Первый осокорь, который подпилили Венька с Шуркой, падать вначале не хотел. Он чуть повернулся слева направо в комле, зажав пилу так, что Шурка с большим трудом, торопясь, выхватил полотно и замер.
– Ко мне! – властно скомандовал Веня и привлёк его к себе. – Надо в сторону уходить, а то сыграет и комлем долбанёт.
Вагами мужики помогли великану. Он рухнул, обломав при ударе о землю толстые сучья. Накрыл большой муравейник.
Объявили перерыв. Шурка сладил удочку. Крючки у него всегда были с собой в фуражке, а леску захватил специально. Только пристроил удочку на рогульке, у коряжки, как поплавок – в мизинец сухая куга – медленно пошёл под воду. Шурка привычно дёрнул: на крючке болтался величиной в ладошку карась. Забросил вновь – то же самое. После пятого карасика насадки – безголового слепня – не стало.
– Сейчас я тебе добуду насадку, – сказал подошедший Вень-ка. – Дай картуз!
Пока Шурка ловил слепня, пришёл Венька и протянул фуражку:
– Попробуй на муравьиные личинки.
Шурка попробовал: такая же поклёвка – и как отмеренный, в ладошку, карасик затрепыхался на траве.
– Тут кто-то хорошо приманивает, – догадался Шурка, – нормальная рыбалка.
– Это разве рыбалка… вот в Сибири – это да! – отозвался Венька.
– А откуда ты знаешь?
– Дядька мой пишет.
– Он в Сибири?
– Да, с сорок первого года. Теперь уже давно освободился.
– Сидел?
– Да. Теперь женился, там и живёт.
– А за что сидел? – допытывался Шурка, вспомнив, как Жабин забрался в дом к Пупчихе.
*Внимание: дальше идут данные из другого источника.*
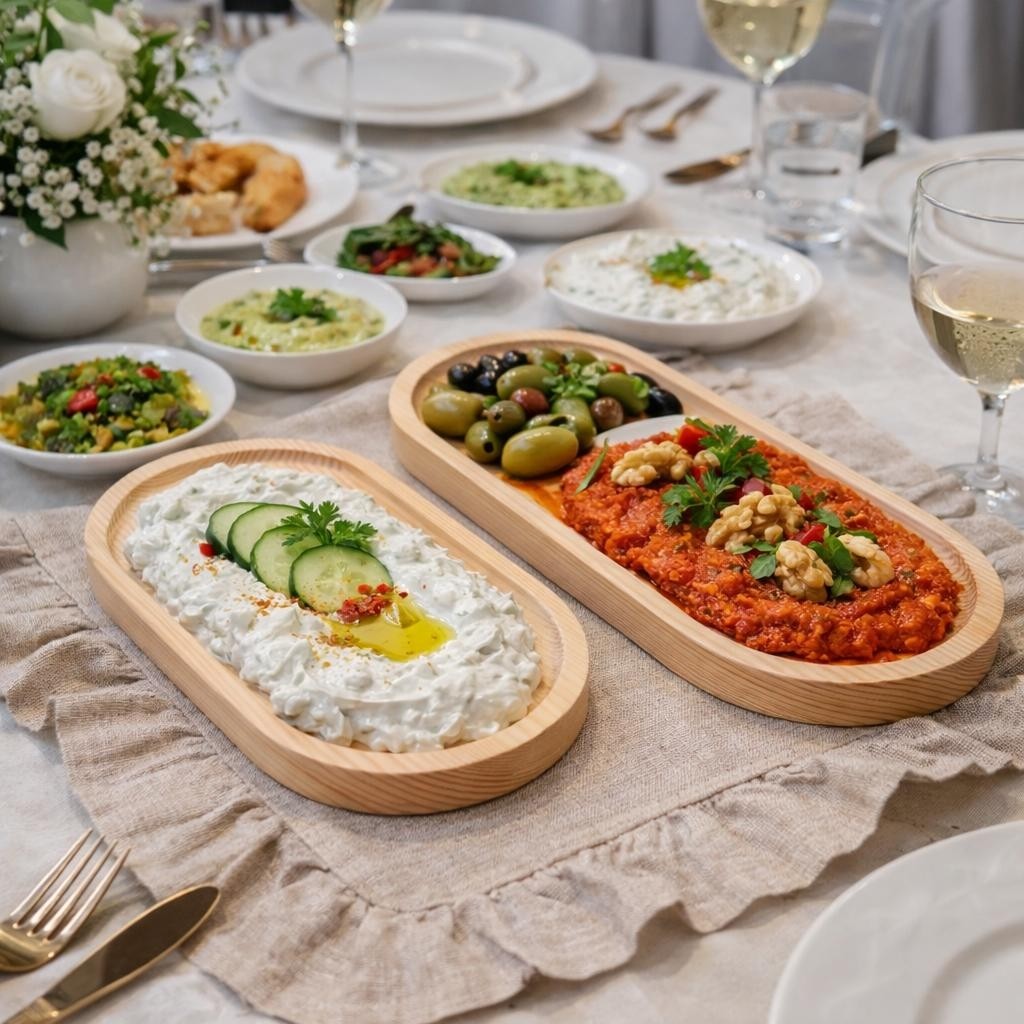 Berina Home Ahşap Sunum Tabağı Seti - Sunumluk ve Servis Tepsisi - Bambu Tarzı Kahvaltı Sunumluğu - Peynir Sunumluğu - Kahve Sunumluğu - 1 adet Diğer Fiyatı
– Ерунда, в поле, когда со стана шёл, снял с трактора магнето – поковыряться для интереса. Оно ему и не нужно было. По дурости.
– Ничего себе!
Много всякого увидел и узнал Шурка на делянках. Поразил один разговор, который он нечаянно услышал. По разным причинам не все уходили ночевать в село. Многие оставались. Спали в шалашах из веток и травы, под огромной, толщиной в четыре Шуркиных обхвата, ветлой. В один из вечеров Шурка пошёл в дальний конец озера посмотреть на уток, слетевшихся туда на зорьке. Ему нравилось за ними наблюдать. Уток почему-то не было, и он решил подождать, присев метрах в пяти от берега у небольшой копны.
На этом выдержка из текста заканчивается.